Varieties of bleach

Oct 21, 2018
34
Chico/CA
I'm getting back into the hot tub routine after not having one for a while. Our new tub came with a chlorine dispenser and I just let it go since the water looked and smelled clean but when I got the Taylor kit it showed only 1ppm for free chlorine and a 14 or so for combined so time for a shock. I bought some bleach called Cloralen at the supermarket for only $2 and I called the company to find out the concentration which they first said was 2-6% and then they said it was 6%. Using the Pool math app I put in the shock amount but it barely changed the FC level. I put in twice as much and it barely moved again. Nowhere near the 12ppm I'm going for. Looking up the MSDS for the bleach it says 4-6% and it also has caustic soda 2%. Is this causing a problem? I had some Clorox and put in the recommended 5oz. and still only got to 5ppm. Another cup got me to 14ppm. The Clorox says 6.05% but when I looked at the MSDS it says 5-10% and the exact amount is a trade secret. Unbelievable to me that you can't get accurate amounts. No caustic soda listed for Clorox. Should I just get pool chlorine so I at least know what I'm getting?
 
All bleach, no matter the brand, has caustic soda (lye or sodium hydroxide) in it. It is required to set the pH of the bleach above 12 so that the hypochlorite is stable.
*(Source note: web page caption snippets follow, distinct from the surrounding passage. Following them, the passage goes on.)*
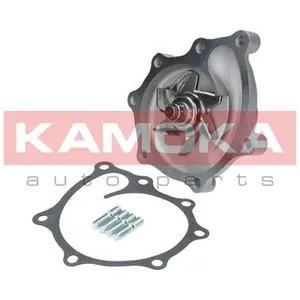 Vattenpump KAMOKA T0169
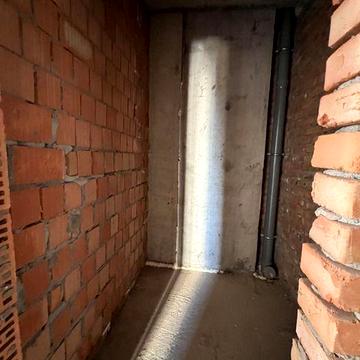 Без комісії!єОселя!Найвигідніша пропозиція 3кк в зданому будинку!!72м2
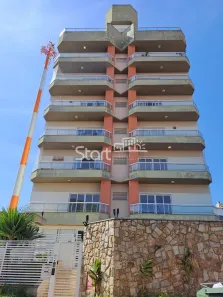 Apartamento com 4 Quartos à venda, 217m² no Jardim Dom Bosco, Campinas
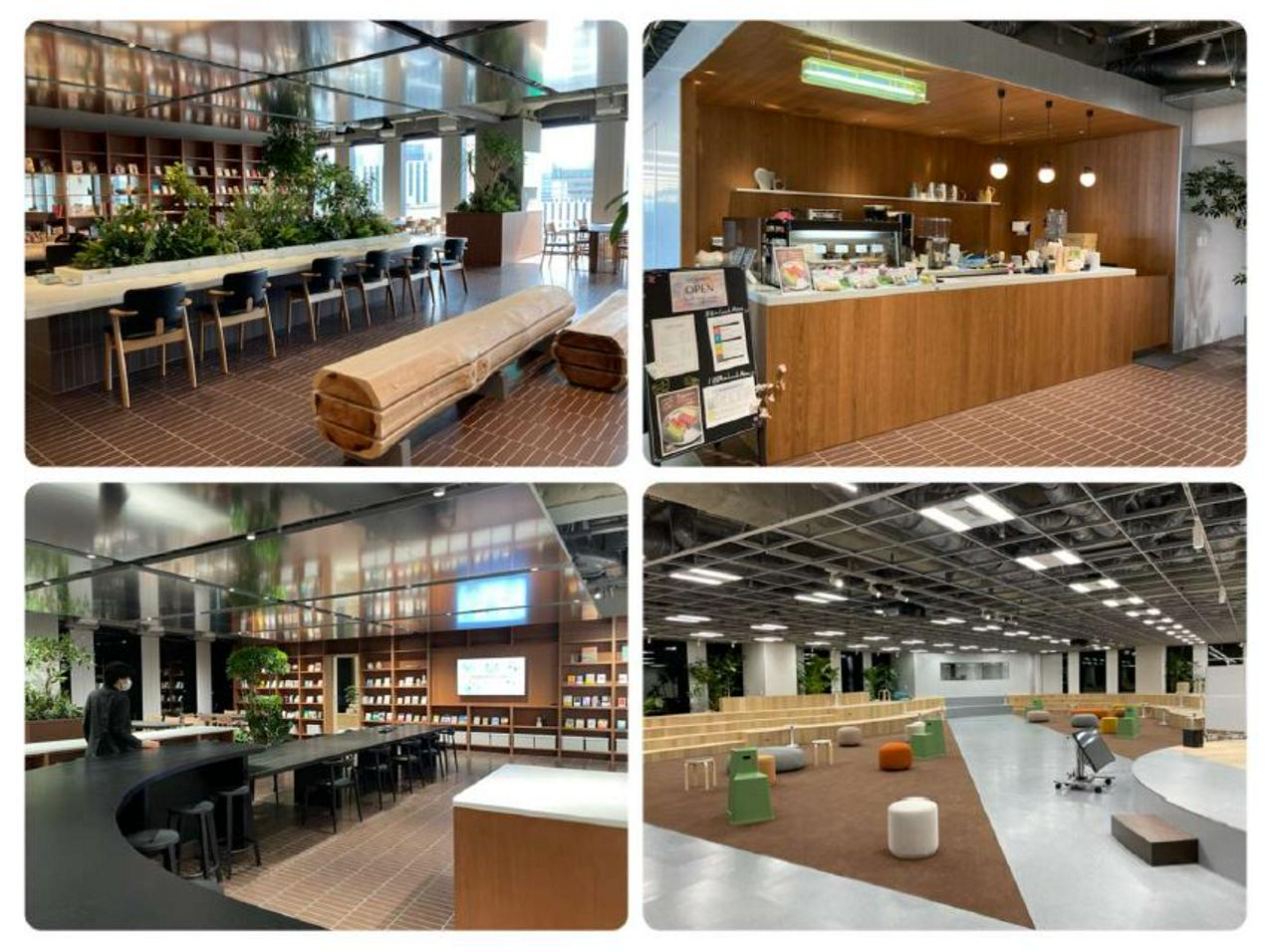 イージェーワークス株式会社 | 社内情報システム | IT/Web業界の求人・中途採用情報に強い転職サイトGreen(グリーン)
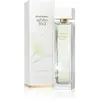 Damesparfum Elizabeth Arden WHITE TEA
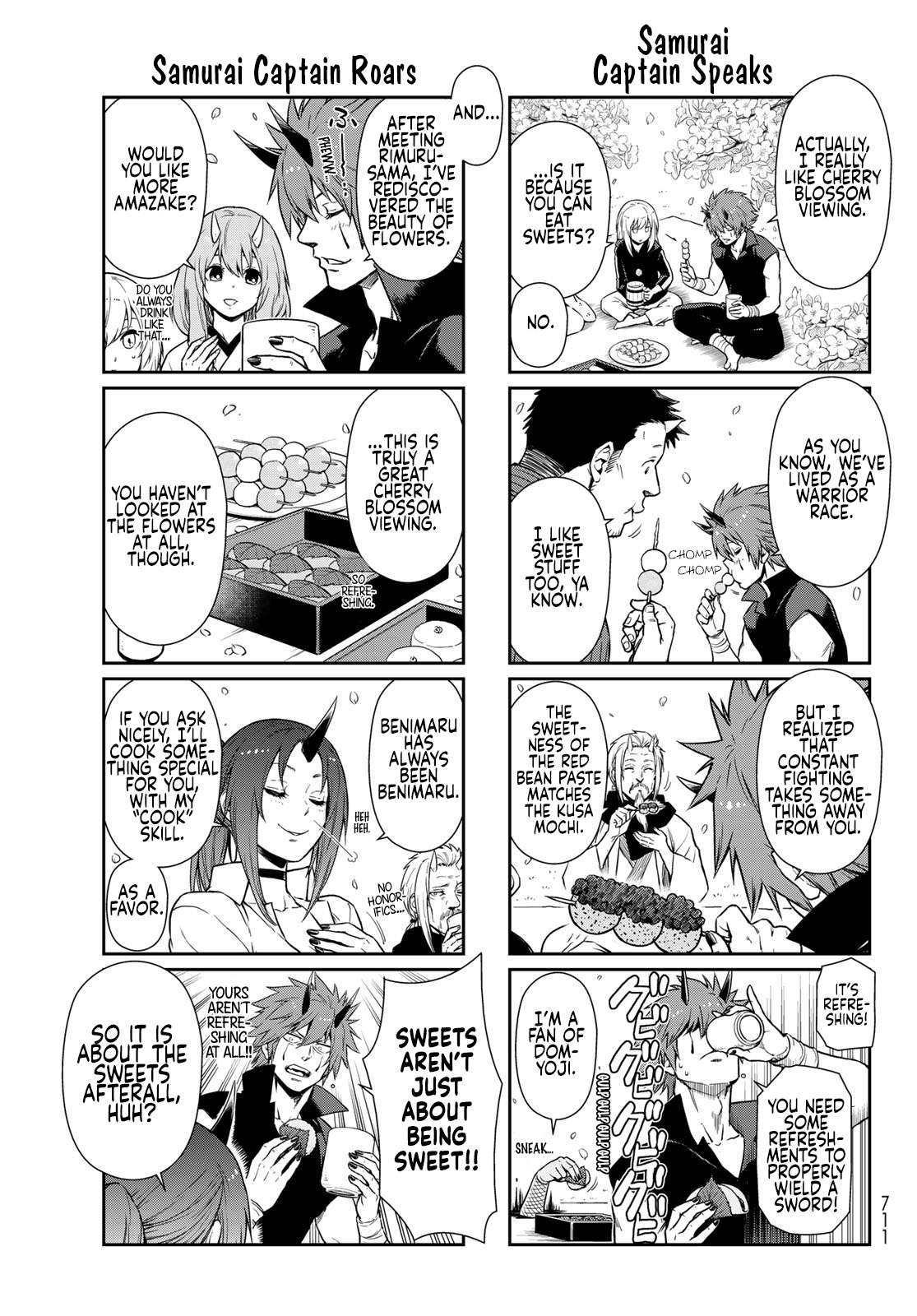 Page 6 of Chapter 64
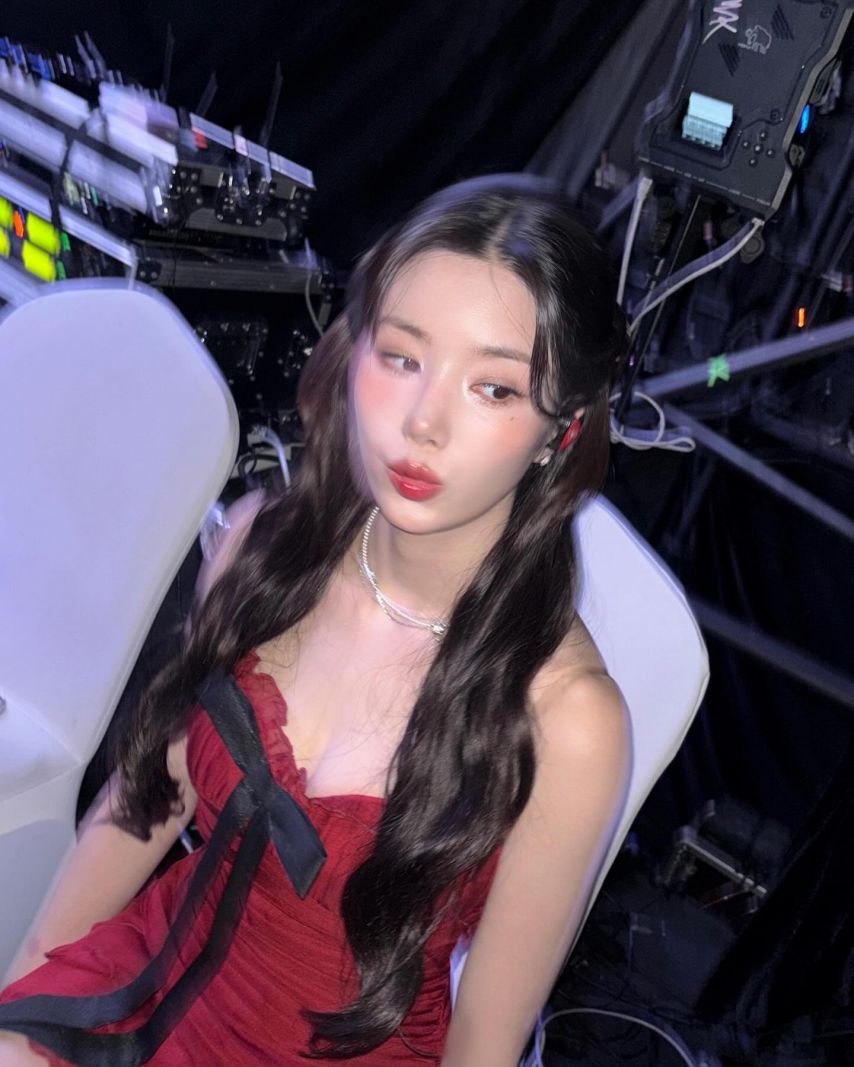 권은비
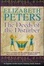 Cover of 'The Deeds of the Disturber'
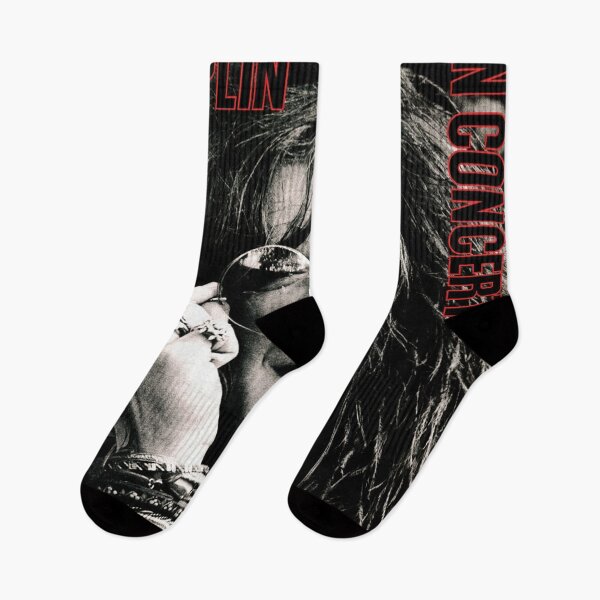 Item preview, Legend in Concert designed and sold by matceret.
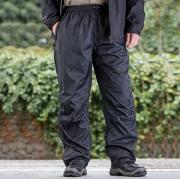 Travelite waterproof trouser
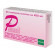 Kinatrofina baby 14bust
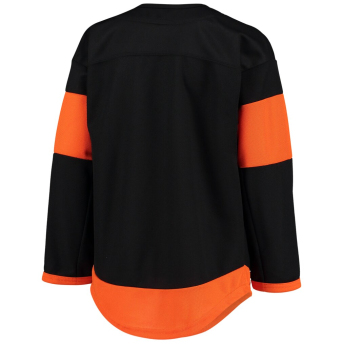 Philadelphia Flyers dječji hokejaški dres Premier Alternate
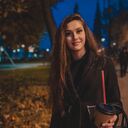 ���������� �����-���������, ���� ������� ����������, 34 ����, ������������ ��� ������, ����� � ���������, c�������� ���������, ���������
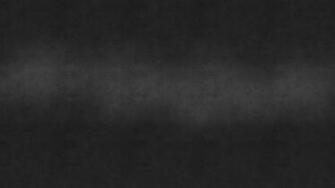 Minimal Black Sites Google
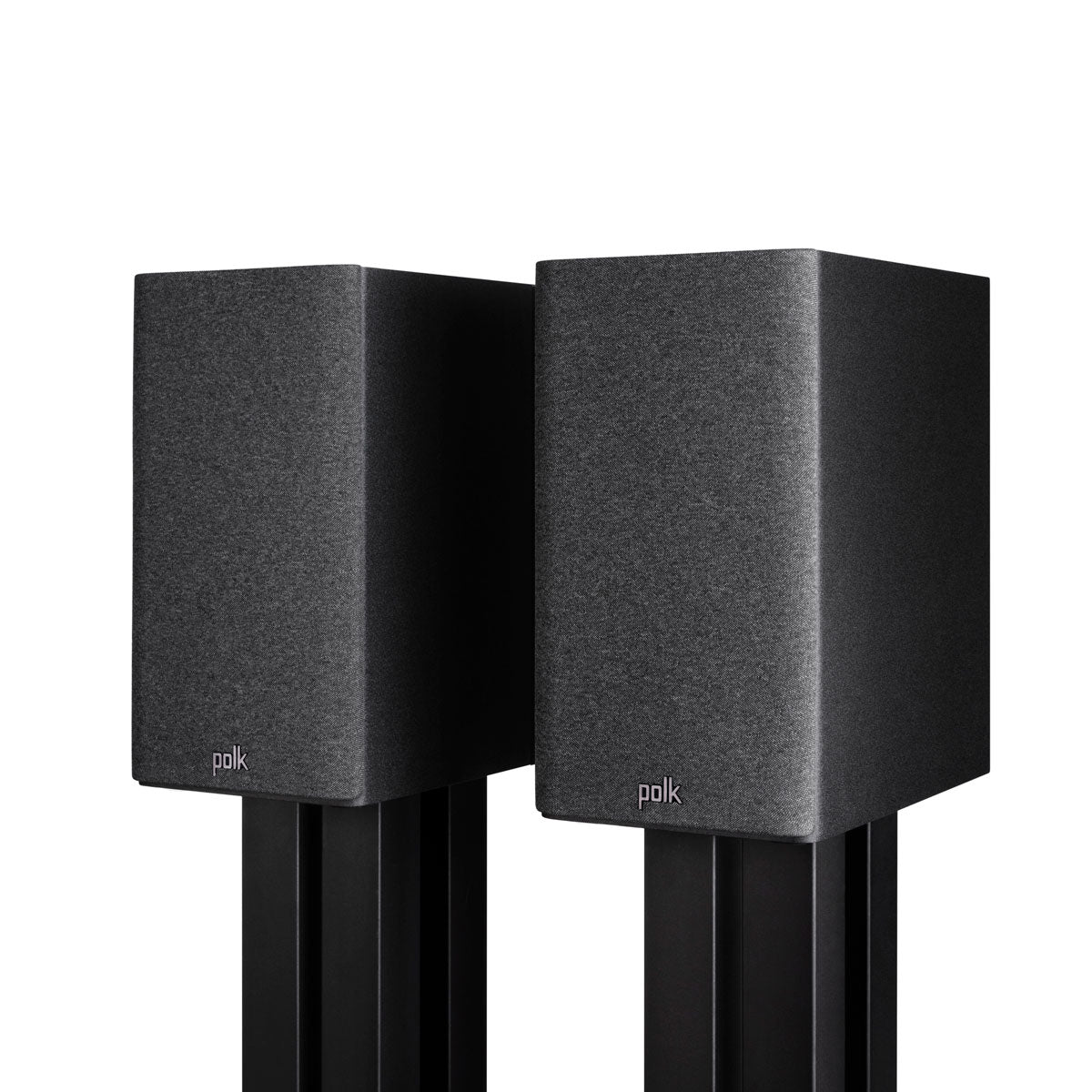 Polk Audio Reserve L200 Bookshelf Speakers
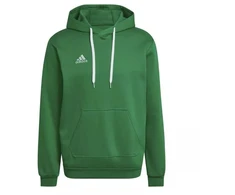Adidas Entrada 22 Vyriškas džemperis su kapišonu M HI2141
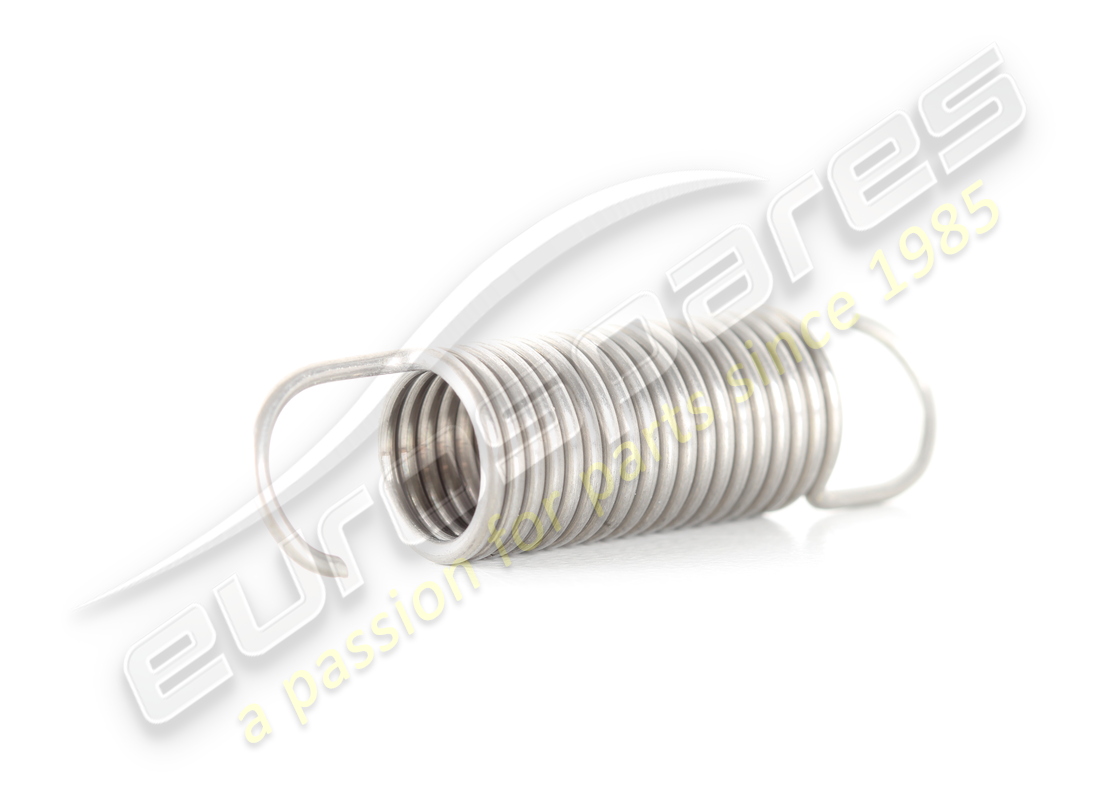 NOUVEAU RESSORT PORSCHE - D >> - MJ 1968. RÉFÉRENCE 99952201301 (1) nouveau ressort porsche - d >> - mj 1968. référence 99952201301 (1)
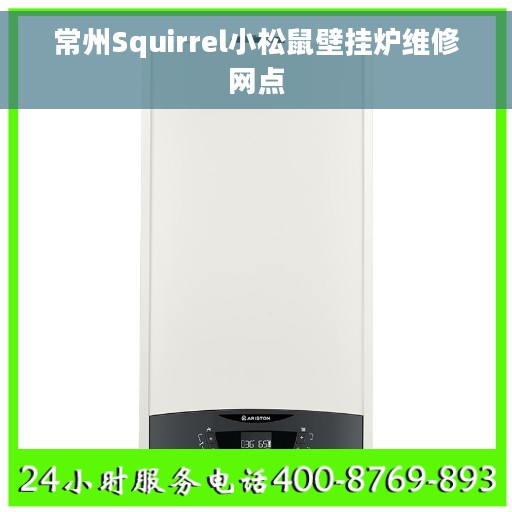 常州Squirrel小松鼠壁挂炉维修网点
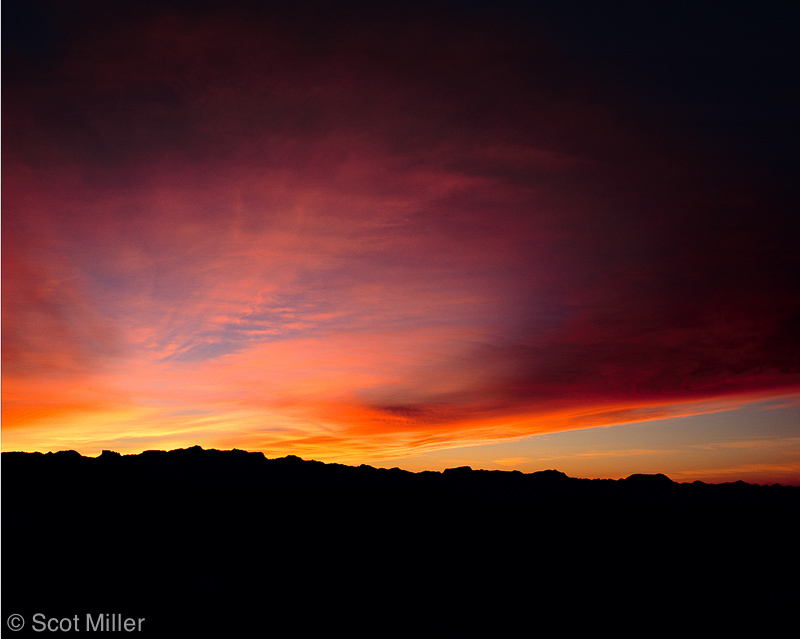 589scotmiller_terlingua_sky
The caustic soda is not the issue.
 
Chloralen bleach is manufactured and used a lot on Mexico. It’s cheap bleach and probably closer to 3% than 6%.
 
Thanks, The Cloralen bleach was also dated a year and a half ago so probably lost even more . I'm still wondering about extremely high CC even though I've been shocking all day. With CYA at 30 I've kept FC above 12 for 4 hours now and still getting very high CC. I stopped at 50 drops because something seems really wrong. Water is sparkling clear. I'm not aware of putting any non chlorine shock in but maybe it's in the enhanced shock that came with the tub? The only listed ingredient is dichlor.
 
It's a Frog @ease chlorinator with 2 cartridges, one for chlorine and one for silver. The chlorine one has 2 types of dichlor which are not the usual one. I also used the Enhanced Shock at first to get CYA up to 30. It lists Dichlor at 58% and then unlisted other ingredients. I used quite a bit at first. I was wondering about it since it says it's not a sanitizer. Since when is Dichlor not a sanitizer? Maybe I gave it a big dose of MPS?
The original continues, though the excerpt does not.